The report by the Department of Rural and Community Development on this matter was a severe disappointment, which is an understatement. It was a stomach churning event. It was a damp squib and a kick in the teeth for many, including Deputy Joan Burton, as it appears the conclusions were arrived at first and that evidence was then divined to underpin them. It represented the dead hand of bureaucrats at their best, particularly those in the Department of Finance, as I had correctly anticipated and predicted in a number of debates and parliamentary questions on the matter in the past six or seven months.

Be that as it may, I pay tribute to Irish Rural Link, Mr. Seamus Boland and the staff - Ms Sinead Dooley, Mr. Noel Kinahan and others based in Moate - who have done so much work in bringing the concept of community banking to the fore in the debate and seeking to turn the tide on the decline of banking services in rural communities, including SME lending and relationship banking.

I read with some wry amusement the comments made in the report. Some of those involved obviously never left their ivory towers in Dublin. They started to tell us how great things were on the ground down the country.

Public banking is poorly understood in an Irish context. A public bank is emphatically not a nationalised bank like AIB. In other EU member states public banks are often municipally owned and restricted to a specific geographical area in order to promote regional development. We need such development in the midlands, across counties Longford and Westmeath, as well as in counties Sligo, Leitrim and Donegal. These banks are not for profit and can provide a valuable impetus for regional development and be an alternative to the major shareholder-driven private banks. Of course, that is the essence of the problem. Given the disappearance from the Irish financial landscape of building societies, the old Trustee Savings Bank, the ICC and the ACC which offered agricultural credit facilities, there is a clear gap in the services available between the credit unions and the big banks. But for the credit unions - the poor person's bank - nobody would get a shilling. Everybody would be wiped off the pitch.

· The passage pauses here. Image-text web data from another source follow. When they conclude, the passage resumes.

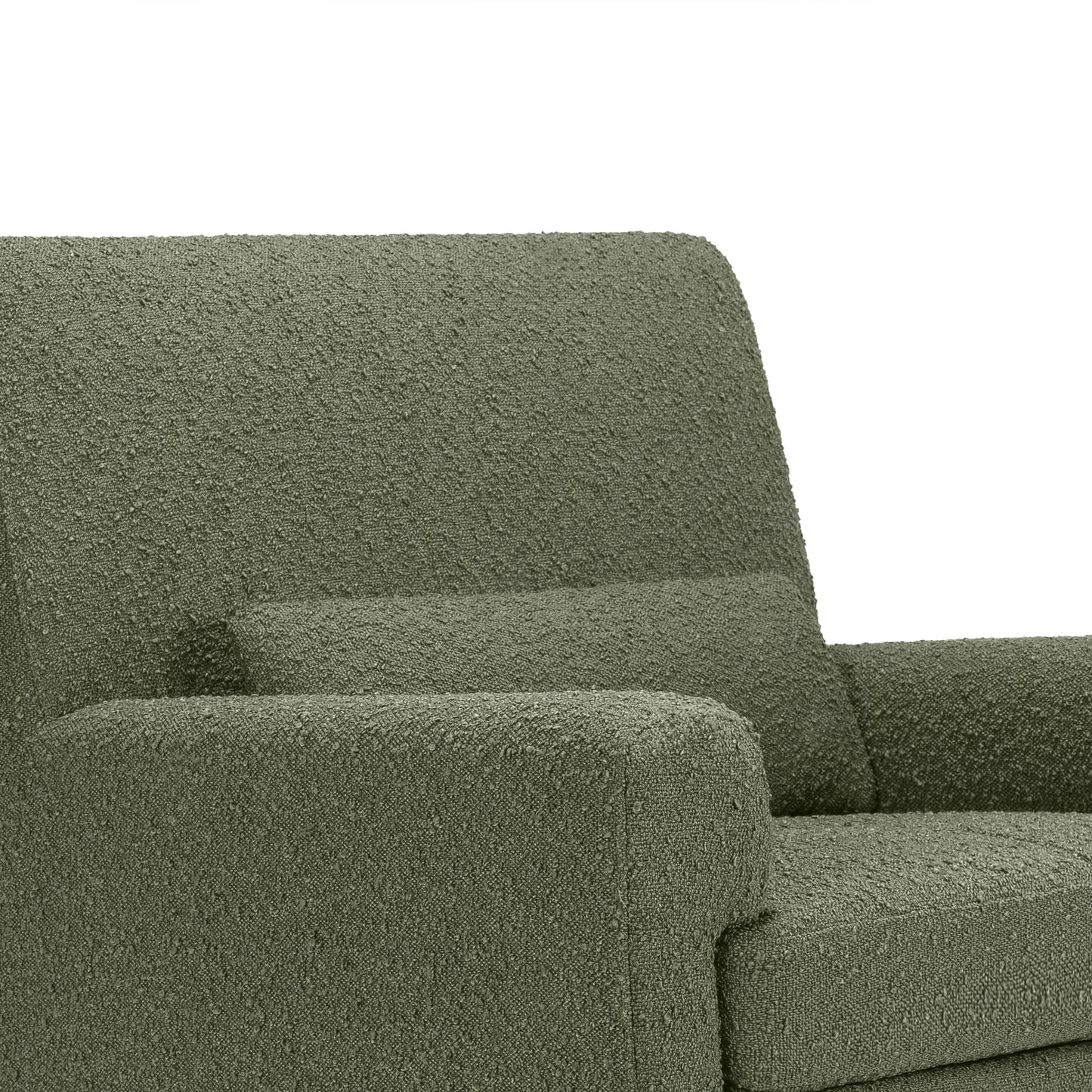 Babyletto Sleepytime Rocker in Boucle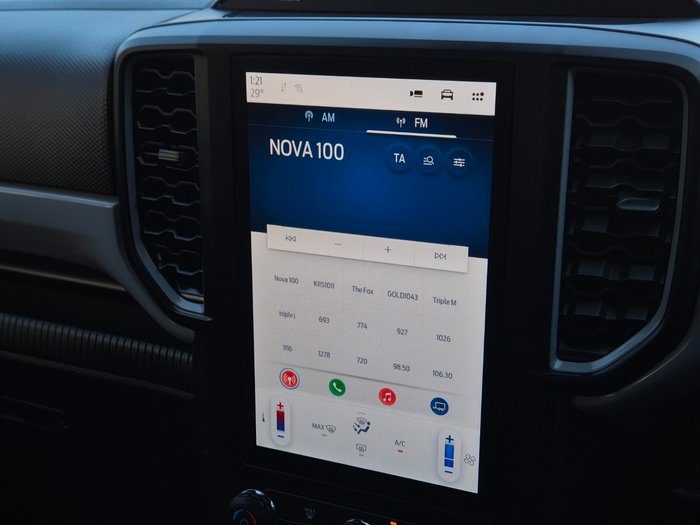 2023 Ford Ranger XLS Hi-Rider
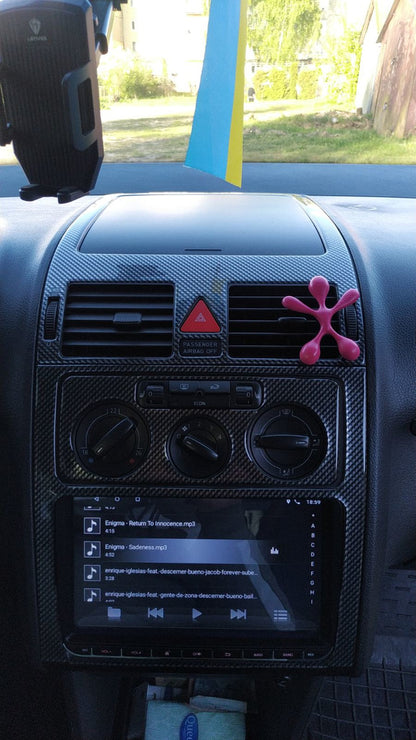 Panel overlay for Volkswagen Touran 2003-2010 - image 15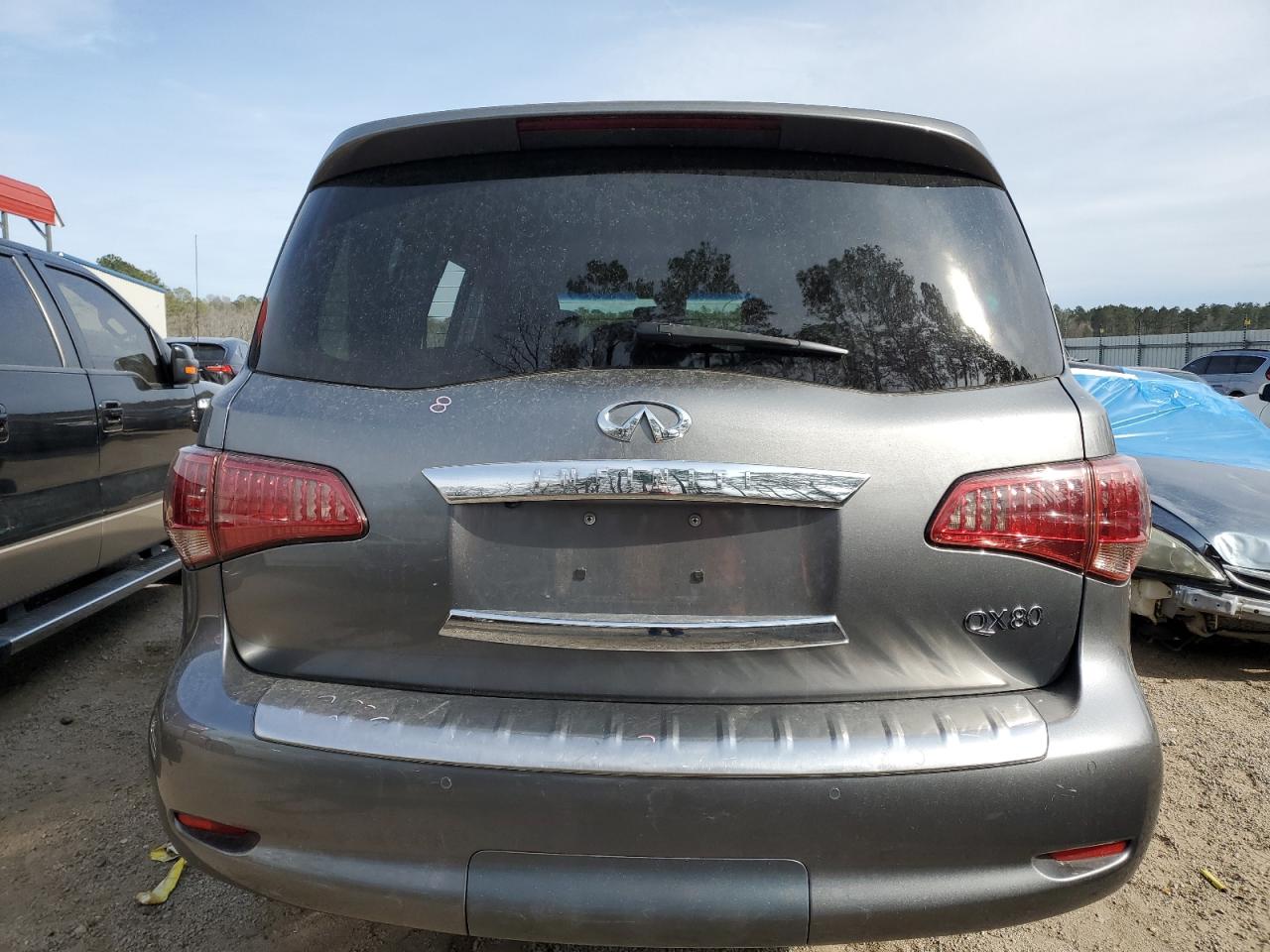 Photo 5 VIN: JN8AZ2NE3G9123084 - INFINITI QX80 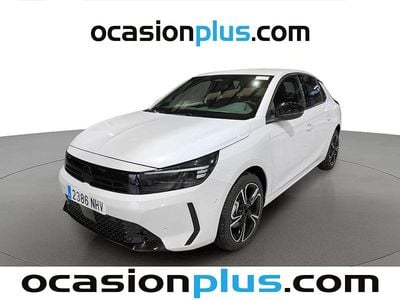 Nuevo Opel Corsa S 110 CV (80 kW) 2025 Blanco Utilitario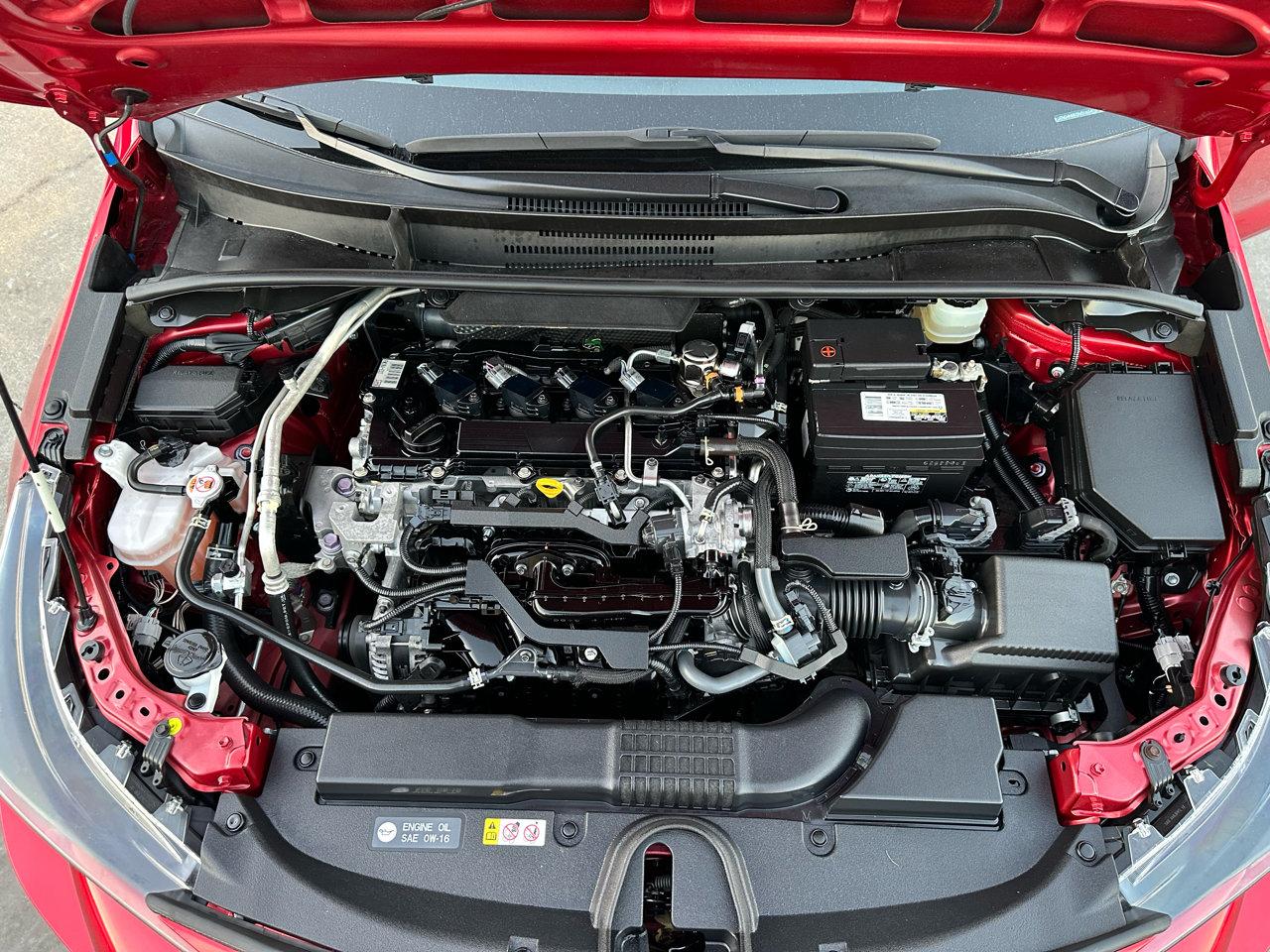 Toyota Corolla Hatchback SE CVT (Natl) 2022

In the light of the misbehaviour exposed in Irish banks and the financial crash about which Deputy Joan Burton has spoken so often, many commentators have suggested the big banks' monopoly of retail banking needs to be challenged by a new service provider with a different ethos. Of course, the report ran away from the real issue and attempted to disguise the fact that the Department of Finance's sole aim was to insulate and protect the State's investment in the pillar banks from competition. That is what the report is about. While it is welcome that there will be a further independent assessment of public banking, with the credit unions and An Post, the Labour Party, including, I am sure, Deputy Joan Burton, will be seeking an assurance that it will be acted on by the Government and that the credit union movement will be given a clear road map for how it can develop and expand its services to the community.

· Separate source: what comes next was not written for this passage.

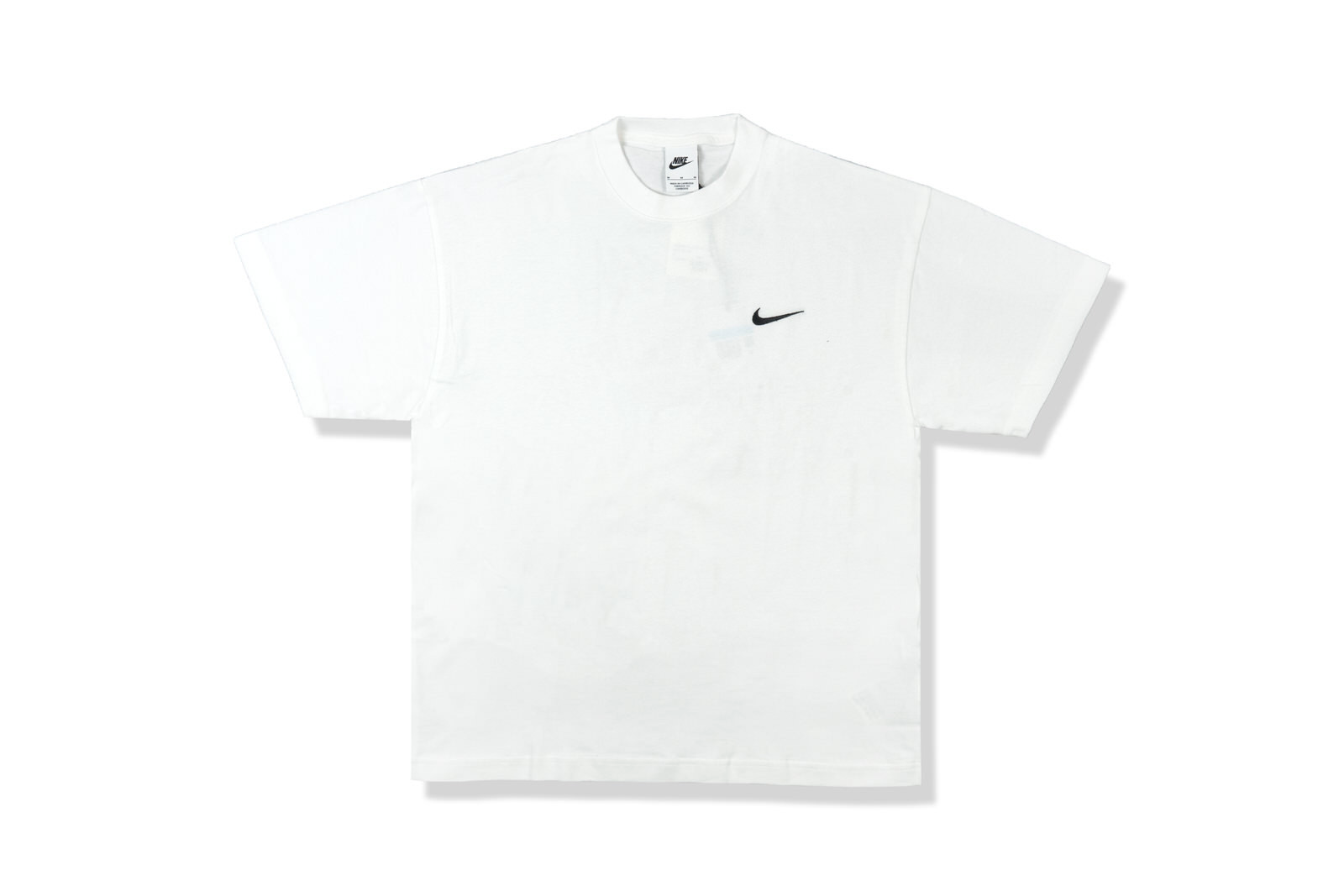  Áo Nike x Stussy The Wide World Tribe T-Shirt 'White' 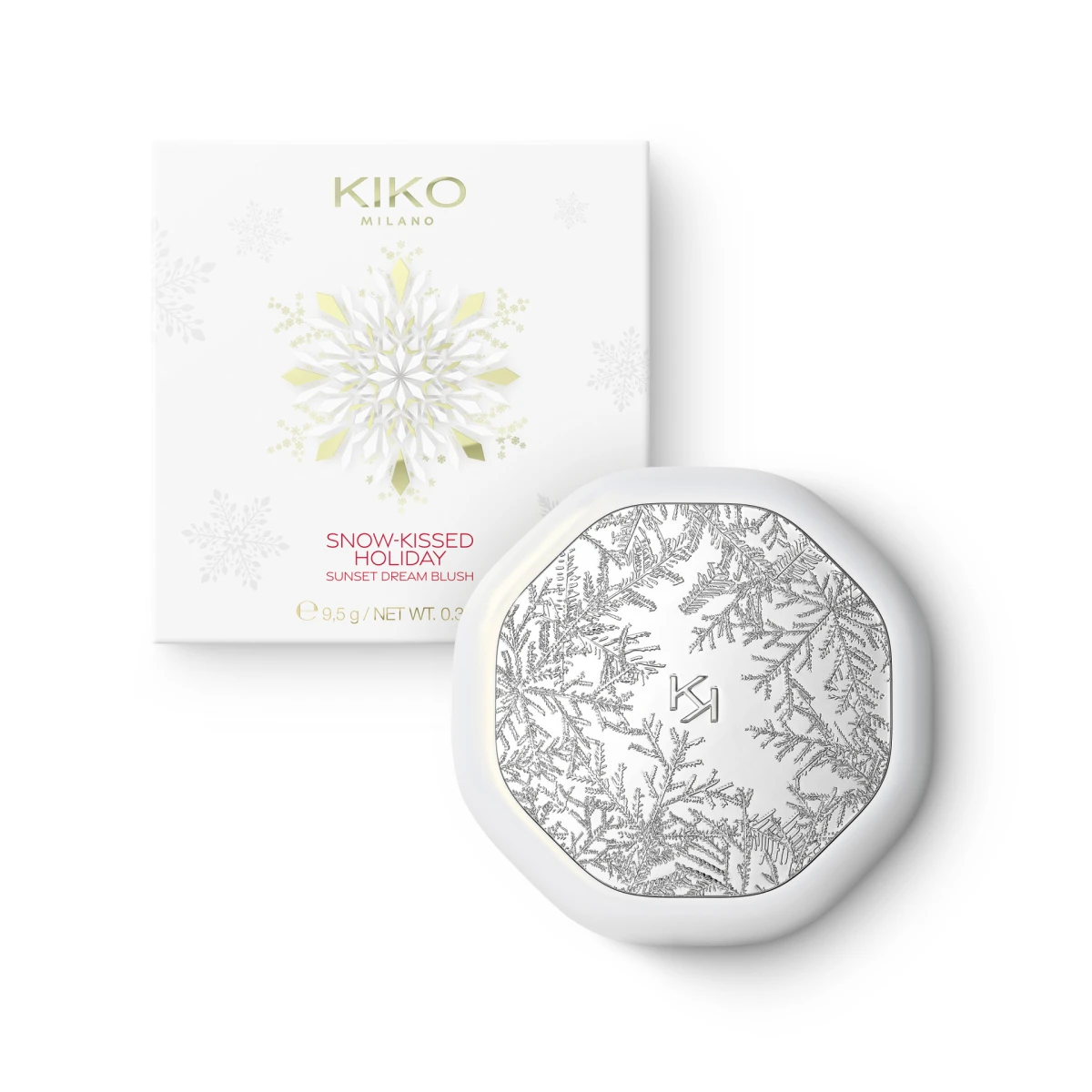 Snow Kissed Holiday: KIKO Milano ima top kolekciju za blagdanske lookove!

I take the opportunity to point out that what is being asked of the Government is not a State investment of €170 million in a German bank. The Department rushed that out to The Sunday Business Post. I knew the answer that was going to come yesterday. It struck first and got its retaliation in first. It is about the Government developing a new culture in Irish financial services to get away from the greedy maximisation of profits by the big banks. That is what the Sparkassen group is most preoccupied with - developing a new culture in Irish banking - but, of course, our friends in the Department of Finance do not want to have anything to do with it. I know from the bankruptcy legislation how it behaves. I was there. It tried to strangle all ideas coming from outside the system. During the past few years it has come to confuse the national interest with the interests of the AIB-Bank of Ireland duopoly. We have seen the credit union movement which has less than 30% of its assets in loans blocked in expanding its services. The Central Bank has a tin ear when it comes to listening to the credit unions. We see this behaviour in how it approached Irish Rural Link's proposal. It is scandalous. Why not introduce the Sparkassen model and use it to complement An Post and the credit unions and give us a new method and vehicle for ensuring small businesses, farmers and others involved in agriculture can securing funding for their vital businesses in rural Ireland?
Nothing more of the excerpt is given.